11.03.2013 à 19:01

Droits humainsUne soixantaine de pays demande à la CPI d'agir contre la Syrie

Un groupe de 64 Etats dont la Suisse a demandé lundi à Genève au Conseil des droits de l'homme de recommander la saisine de la Cour pénale internationale (CPI) sur la Syrie.

Des hommes syriens inspectent la scène d'un attentat à la voiture piégée dans Jaramana, une banlieue près de Damas.

Des hommes syriens inspectent la scène d'un attentat à la voiture piégée dans Jaramana, une banlieue près de Damas.

AFP

L'impunité pour les crimes commis dans le pays est inacceptable, selon les 64 pays qui demandent à la CPI d'agir.

Le conseil doit «envoyer un message sans équivoque exhortant les autorités syriennes et toutes les autres parties au conflit à respecter pleinement les droits humains et le droit international humanitaire», ont affirmé ces Etats dans une déclaration commune.

Le conseil doit annoncer son intention de déférer la situation à la CPI à moins qu'un processus de responsabilité crédible, équitable et indépendant ne soit établi dans des délais raisonnables, selon la déclaration.

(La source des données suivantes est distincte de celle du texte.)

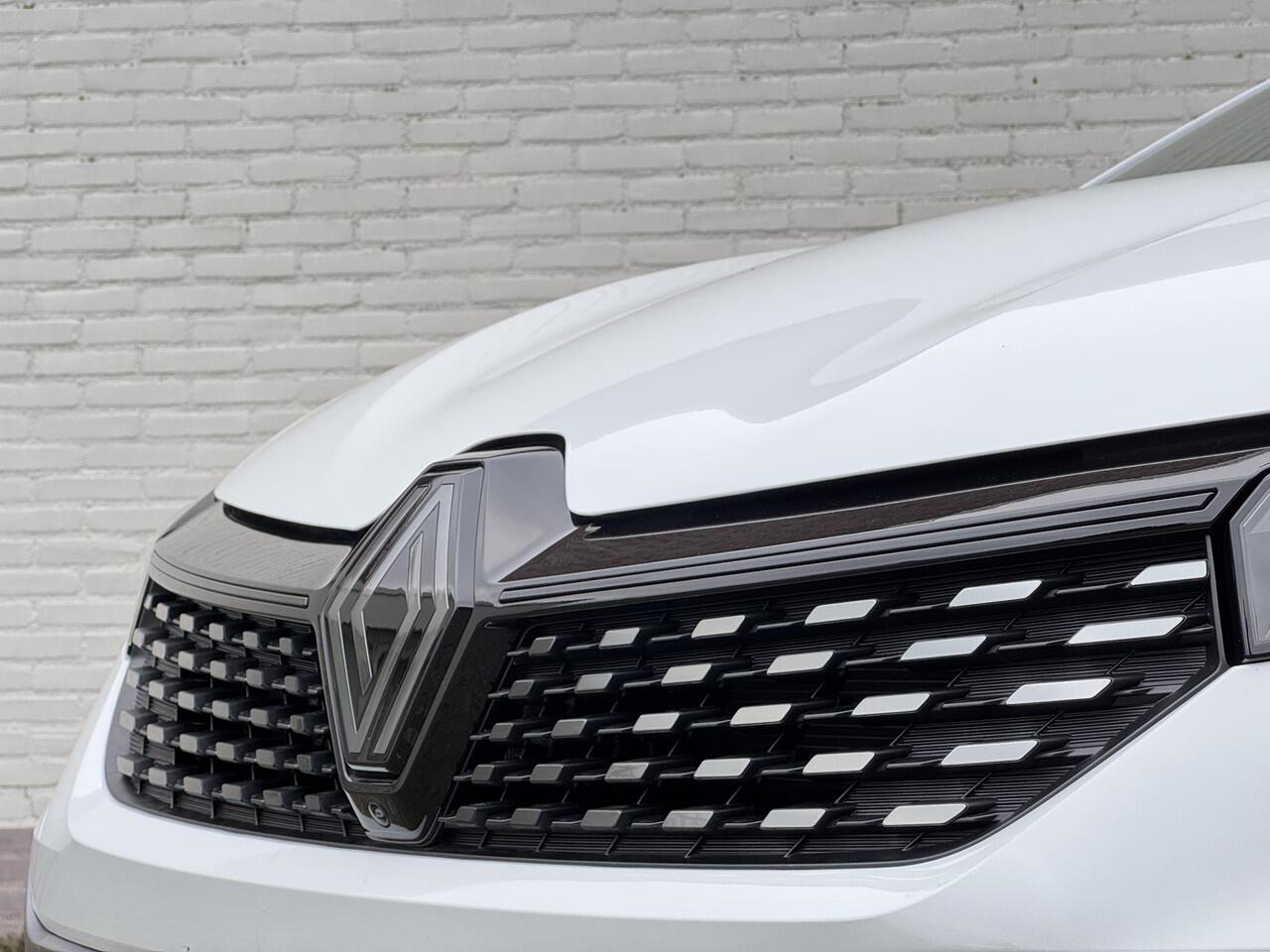 Renault CLIO 1.6 E-Tech Full Hybrid 145 esprit Alpine / DEMO / Pack BOSE / Dodehoek / Adaptive Cruise Control / 360 Camera / PDC / Parkeer Assistent / Stoel & Stuurwiel verwarming / LED / NAP / DAB /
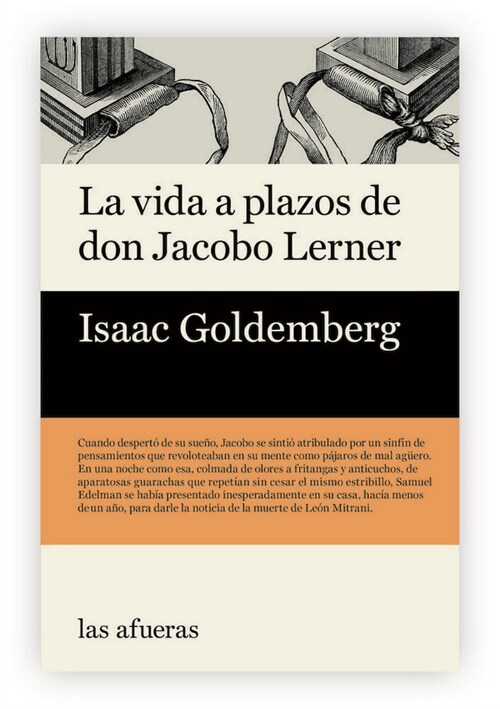 VIDA A PLAZOS DE DON JACOBO LERNER,LA (Paperback)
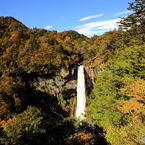 華厳の滝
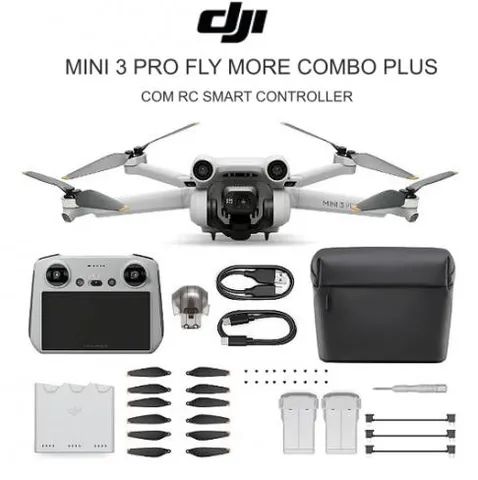 Dji Mini 3 RC SmartController - Foto 3
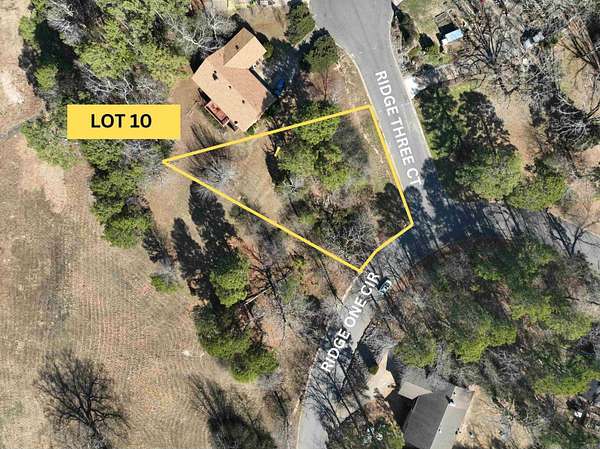 0.31 Acres of Residential Land for Sale in Hot Springs, Arkansas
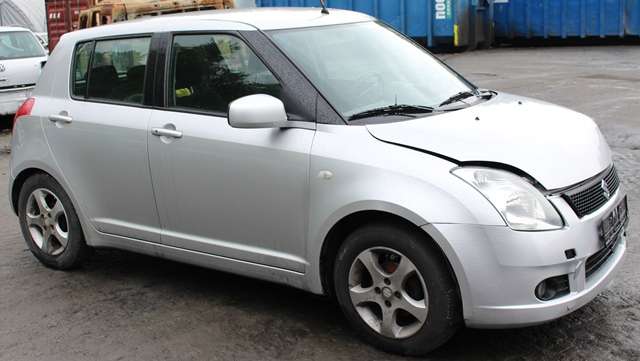 Suzuki Swift 2005-2010 , Motorkode: M13A, Girkassekode:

«Un tel avertissement pourrait avoir un effet dissuasif important», ajoute le texte, préparé par la Suisse et lu par la Libye lors d'un débat avec la commission d'enquête de l'ONU. Le Conseil des droits de l'homme se prononcera en fin de session, le 22 mars, également afin de prolonger le mandat de la commission d'enquête.

Seuls deux membres permanents du Conseil de sécurité, la France et la Grande-Bretagne, ont approuvé cet appel. La Chine et la Russie y sont hostiles, alors que l'ambassadeur des Etats-Unis à Genève s'est prononcé lundi pour un tribunal ad hoc calqué sur ceux de l'ex-Yougoslavie et du Rwanda.

Milices locales

Le gouvernement de Bachar al-Assad a recours à des milices locales connues sous le nom de «Comités populaires» pour commettre des massacres qui ont pris un caractère ethnique en Syrie, a de son côté averti la commission d'enquête de l'ONU.

«Suivant une tendance préoccupante et dangereuse, les massacres apparemment commis par les Comités populaires auraient pris une tournure ethnique», a indiqué la commission présidée par le Brésilien Paulo Pinheiro dans son dernier rapport remis au Conseil des droits de l'homme. «Certains semblent avoir été formés et armés par le gouvernement», précise-t-il.

Les enquêteurs, qui se fondent sur des récits de témoins et de victimes, rapportent que des Syriens sont harcelés et arrêtés par des milices alliées au gouvernement parce qu'ils sont originaires de provinces perçues comme soutenant la rébellion.

Le conflit syrien est dans une «impasse destructrice», avec un pays soumis aux bombardements violents et aux raids aériens des forces gouvernementales, poursuivent les enquêteurs. Ils reconnaissent toutefois que les rebelles se sont également livrés à des exactions.

Vingt cas de massacres font l'objet d'une enquête, malgré les difficultés rencontrées pour accéder au pays. «Les pilonnages aveugles et généralisés, les bombardements réguliers des villes, les massacres et les tirs délibérés sur des cibles civiles ont fini par devenir le lot quotidien des civils syriens», a déclaré Paulo Pinheiro. Il a dénoncé l'utilisation des soins médicaux «comme technique de guerre».

Opposition à Moscou

Un chef de l'opposition syrienne, Haytham al-Manaa, a rencontré à Moscou le ministre russe des Affaires étrangères Sergueï Lavrov pour tenter d'infléchir le soutien de la Russie au régime du président Assad. Mais la Russie n'a montré aucun signe de changement de sa position.

«La chose la plus importante, c'est que les Syriens décident de tout eux-mêmes, sans pression de l'étranger, (...) de leur destin et du destin des personnalités politiques», a-t-il déclaré.

Sur le terrain, les violences ne connaissent aucun répit. Des avions de l'armée ont bombardé lundi un quartier rebelle de Homs, au lendemain d'une percée des insurgés, selon l'Observatoire syrien des droits de l'homme (OSDH).

Dans l'est de la Syrie, neuf personnes ont trouvé la mort dans une explosion d'origine inconnue à Breiha, a ajouté l'ONG proche des rebelles. A Damas, l'agence officielle Sana a affirmé qu'«un obus de mortier tiré par des terroristes» a tué trois personnes et en a blessé 28 autres.

Depuis le début du conflit, plus d'un million de réfugiés syriens ont fui à l'étranger, 2,5 millions de civils ont été déplacés à l'intérieur du pays, et au moins 70'000 personnes ont été tuées, selon l'ONU.